Herlin wandte sich mit einem Ruck seinem Vorgesetzten zu. "Mein Knüppel hat ihn verbrannt, hören sie nicht?" Sein Gleichgewichtssinn verließ ihn in diesem Moment, war er doch noch nicht daran gewöhnt, nur noch einen Arm zu besitzen. Er kippte aus dem Bett, versuchte sich noch mit der einen Hand zu halten, aber der Armstumpf prallte bereits gegen den Verwaltungskommissar und das Blut drückte sich durch den Verband auf die Uniform.
Zustangel sprang brüllend auf, wodurch Herlin noch schneller zu Boden glitt. "Was fällt ihnen ein?" Er blickte an sich herunter. Das Blut war nur als dunkler Fleck auf der grünen Uniform zu erkennen. "Was fällt ihnen ein?" Ein Mann wie Zustangel war niemals sprachlos, aber es konnte schon passieren, dass er sich wiederholte. "Das wird ernsthafte Konsequenzen für sie haben."

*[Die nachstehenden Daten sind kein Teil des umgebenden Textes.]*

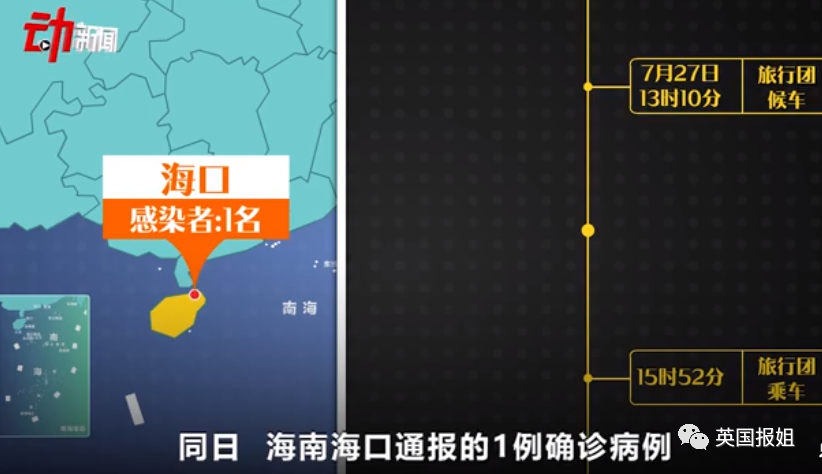 中国疫情扩散！凶险德尔塔攻入，4大感染中心，134个地区变中风险（组图） - 11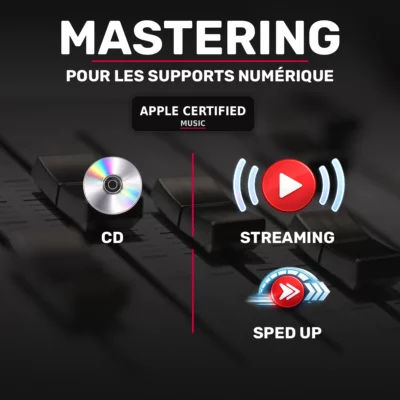 Mastering online Apple Digital Masters sped up Streaming et CD Sped Up Apple Certified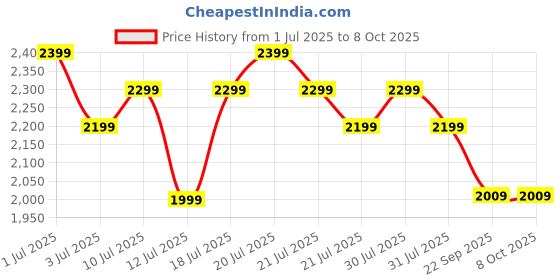 flipkart.com TP-Link Archer C64 AC1200 Gigabit MU-MIMO Router 2.4 GHz, 5 GHz 1200 Mbps Wifi Speed Dual Band External Antenna Ethernet (Cable Broadband) Price History Graph from 1 Jul 2025 to 8 Oct 2025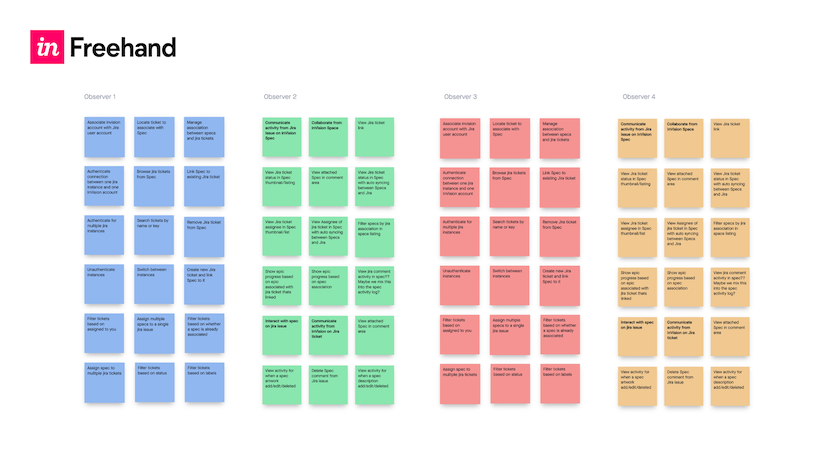 Affinity mapping on digital whiteboard 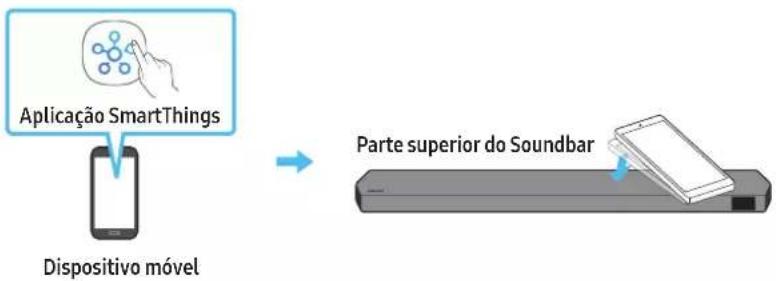 SAMSUNG HW-Q810C - Utilizar o Tap Sound - 1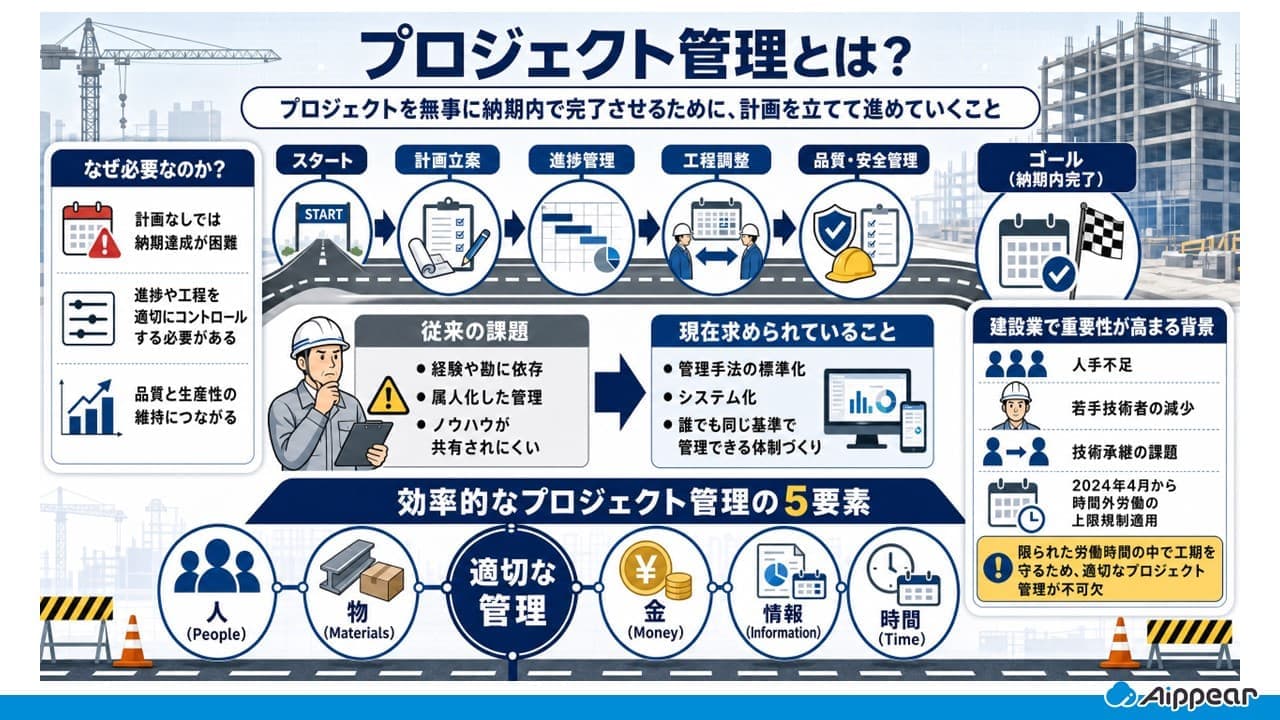 プロジェクト管理とは？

Während Herlin versuchte, seinen Sturz mit dem einen Arm abzufangen und in so etwas wie eine Rolle abzuwandeln, brüllte Zustangel weitere Drohungen und Floskeln durch das Zimmer, bis schließlich eine Pflegerin herein kam, Herlin zurück ins Bett half und einen Arzt hinzu zog, welcher schließlich den Verwaltungskommissar des Raumes verwies.